Research suggests that up to 40% of our daily routine is habitual. It starts with brushing our teeth, to the way we make our coffee, from the routes that we take to and from work, to the way that our desks are organized. All of this has become an intentional, automatic function of our daily lives.
Habits are formed through learning. Often time, an action follows a cue. The alarm clock sounds, we hit snooze. We come home, put our things down, walk to the refrigerator for a bottle of water. We become rigid in this type of routine. When this rigidity is met with uncertainty, it creates a little chaos, so we make sure that this rigidity is always defined.
If going to the same store every morning means we get that particular bagel, then we do not need to worry about what we are going to eat for breakfast. If we go to that store enough to realize that the bagel is always there at 8:15 in the morning, then we train ourselves to be at that store at 8:15 in the morning.
This daily routine of going to the store over time becomes a habit.
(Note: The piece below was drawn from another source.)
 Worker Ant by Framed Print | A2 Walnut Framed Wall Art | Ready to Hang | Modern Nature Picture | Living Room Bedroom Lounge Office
We know that we will get what we want when we want it, it becomes a process that has become automatic. A lot of times habits form to reduce the number of decisions we need to make. According to Vincent Carlos, in an article titled, Why So Many Successful People Wear the Same Outfit Every Day,
“every decision you make uses up your mental energy. Just the simple act of thinking about whether you should choose A or B will tire you out and reduce your brainpower. This means that the more decisions you have to make throughout the day, the weaker your decision-making process will become.”
In this article, Carlos goes on to say that successful people like Steve Jobs, Mark Zuckerburg, and others have automated specific tasks throughout their days, to reduce the number of decisions that they need to make during the day. This behavior, although with a specific end-goal in mind, is a habit that was consciously developed.
Our habits define us. They control a large portion of our day.